Luc 17, 11-19 – Un sur dix

Pasteur Bernard Mourou

Le récit des dix lépreux qui nous occupe aujourd’hui se place dans un ensemble, commencé quelques chapitres plus tôt, qui a pour objet la montée de Jésus à Jérusalem et qui se terminera, comme on le sait, par la Passion. Dans ce long passage, Luc cherche à faire découvrir le mystère du salut qui sera apporté par la mort et la résurrection de Jésus.

D’habitude, Luc n’est pas avare de précisions et ses textes fourmillent souvent de détails pittoresques, mais ce n’est pas le cas dans ce récit. Nous sommes au contraire frappés par le caractère vague de ce passage : la seule précision qu’il nous donne, c’est que les lépreux sont dix. C’est tout. Le reste est très flou. Mais cette imprécision générale a un avantage : elle permet de faire ressortir la quintessence du propos.

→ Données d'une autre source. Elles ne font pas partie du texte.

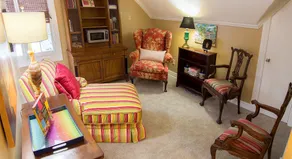 Fairfield Manor Bed and Breakfast - Image 5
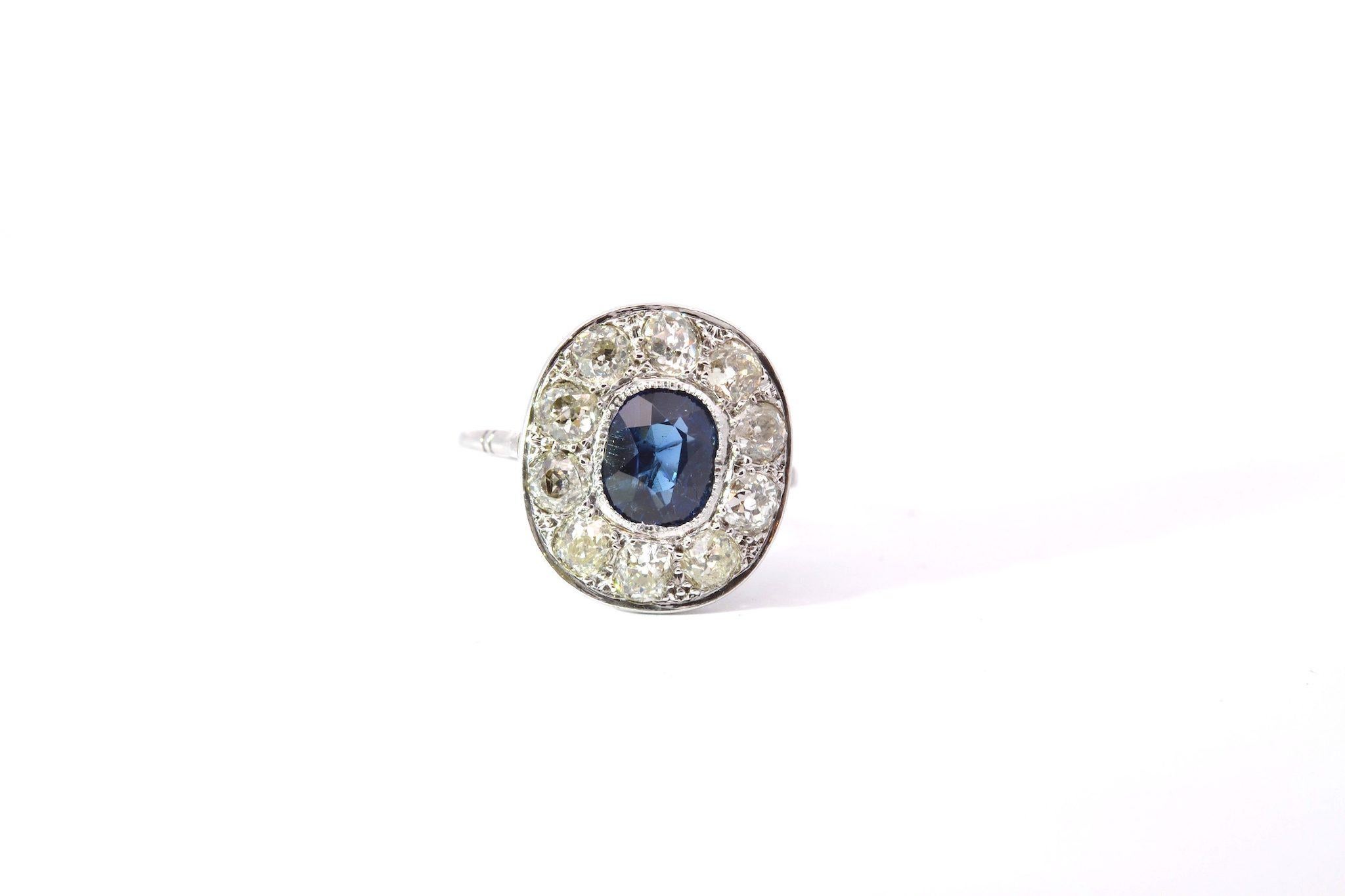 Ring mit 2,18 Karat Saphiren und Diamanten aus dem Jahr 1950 (Antiker Kissenschliff) im Angebot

Dix lépreux. Pourquoi dix ? Pourquoi pas neuf, ou onze, ou quinze ? Faut-il voir dans ce nombre rond une imprécision de plus, ou bien une allusion aux Dix commandements, que les juifs appellent les Dix paroles ?

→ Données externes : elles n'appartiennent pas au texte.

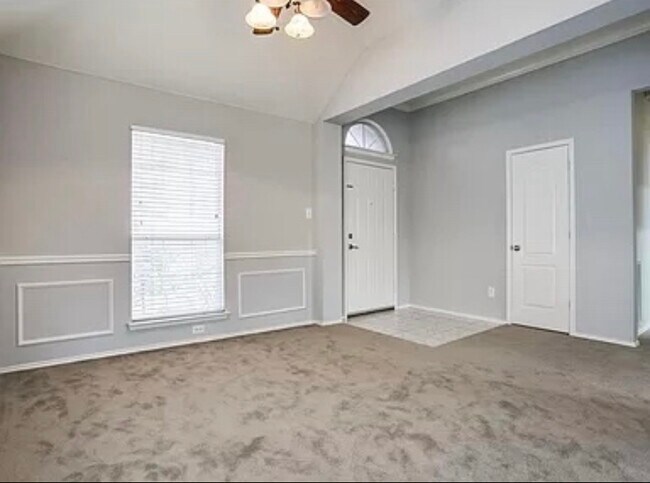 Building Photo - 8401 Greenfield Dr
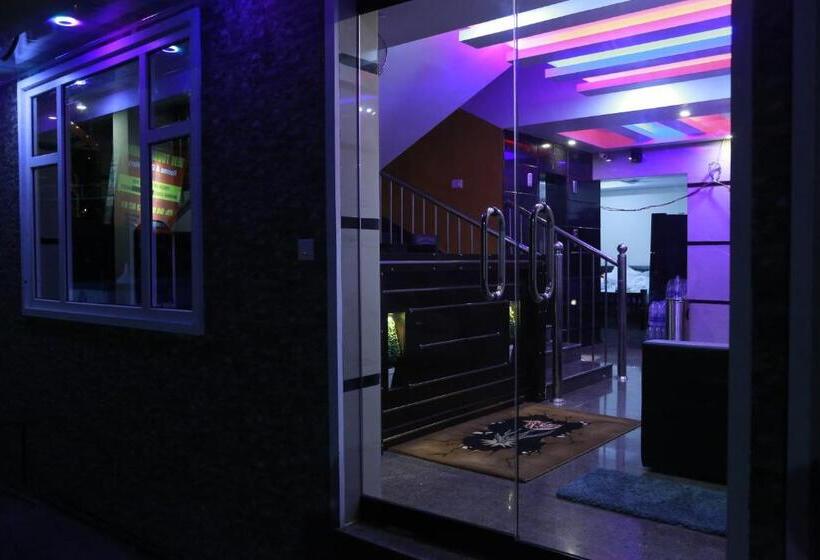 Отель Ashoka Residency Chottanikkara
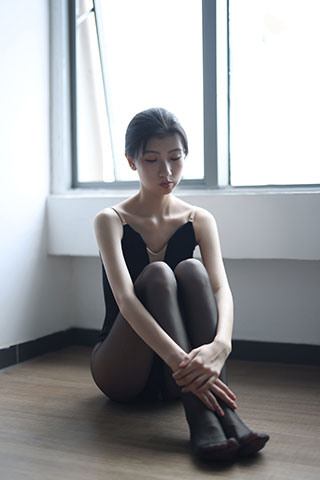 练舞黑丝足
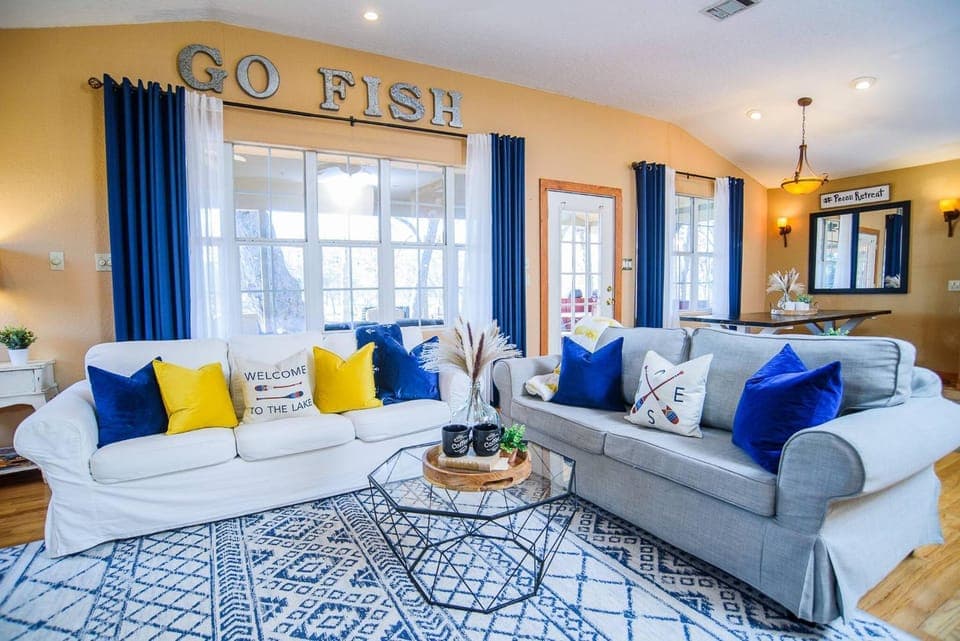 Property building, Bathroom, Bedroom, Lake view, River view, Family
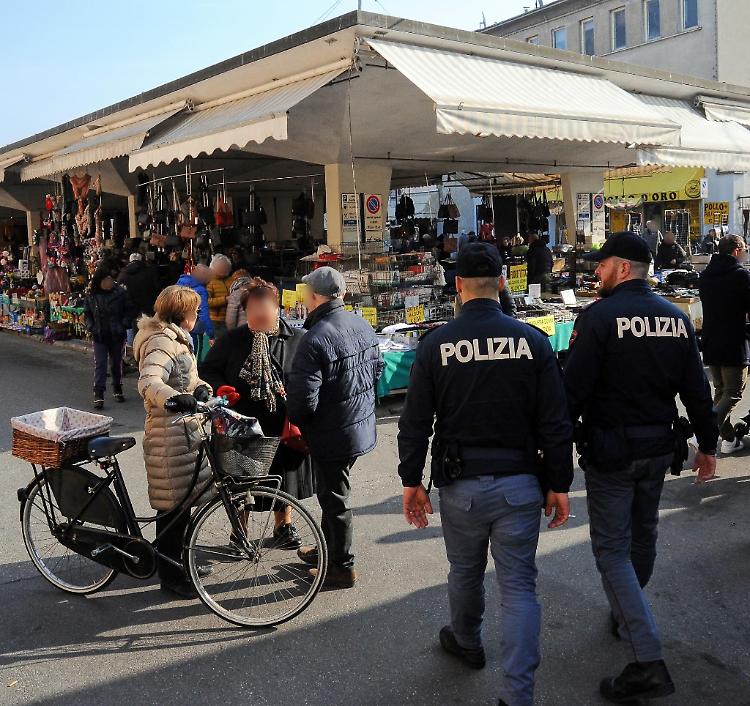 Mercato, questua molesta: al via i controlli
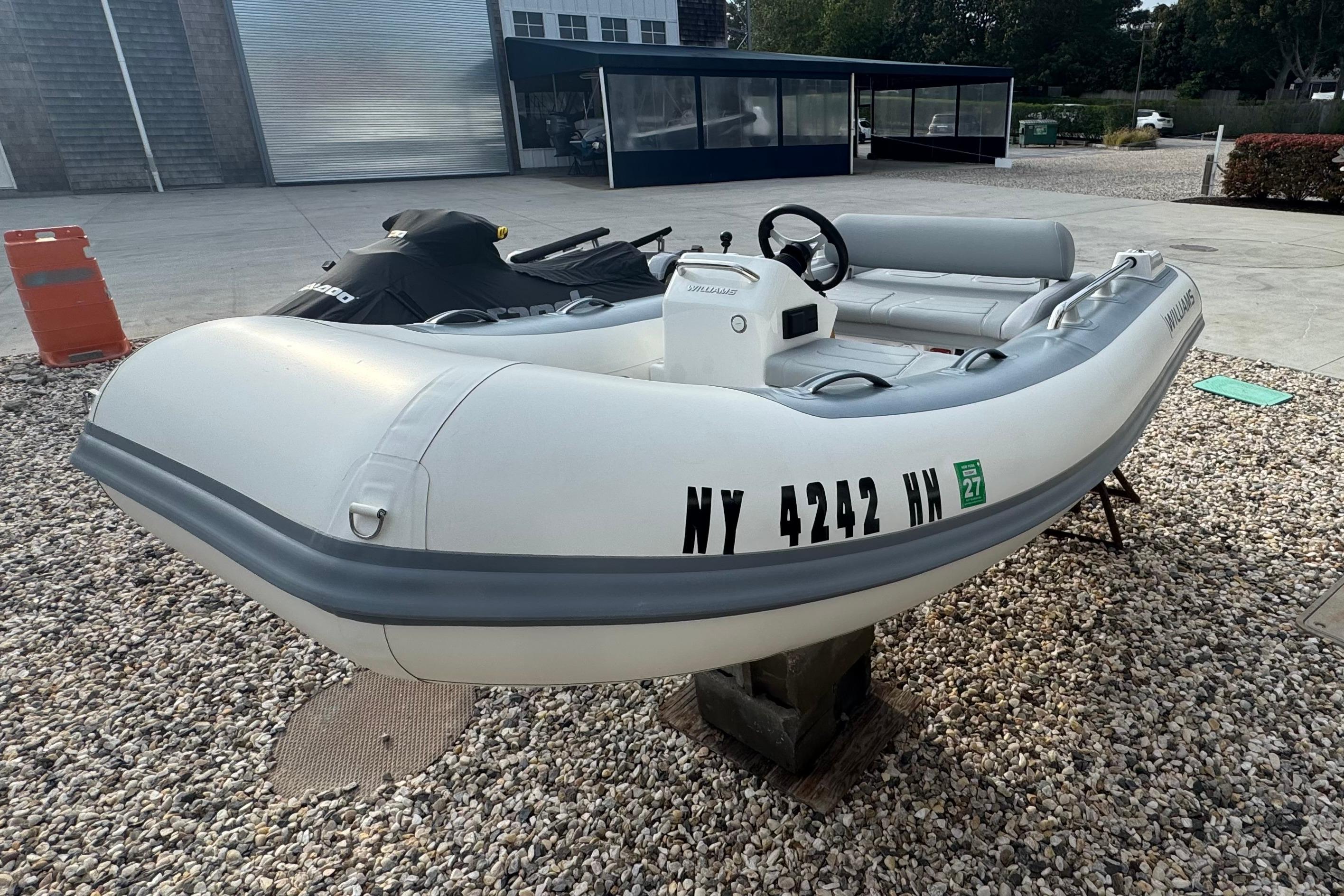 2024 Williams Jet Tenders Sportjet 345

En tous cas nous devons nous contenter de ce seul détail. Pour le reste, et notamment pour la localisation géographique, le texte reste particulièrement vague : Luc ne nous donne pas le nom du village et nous ne savons pas exactement où ces guérisons ont lieu. Et puis, toujours en matière de géographie, nous sommes surpris de voir que Luc place la Samarie avant la Galilée sur l’itinéraire vers Jérusalem, alors que la Samarie se trouve entre la Galilée et la Judée. Mais cela nous donne un indice et nous met sur la voie pour une bonne compréhension de ce texte : la mention de la Samarie vise un but théologique.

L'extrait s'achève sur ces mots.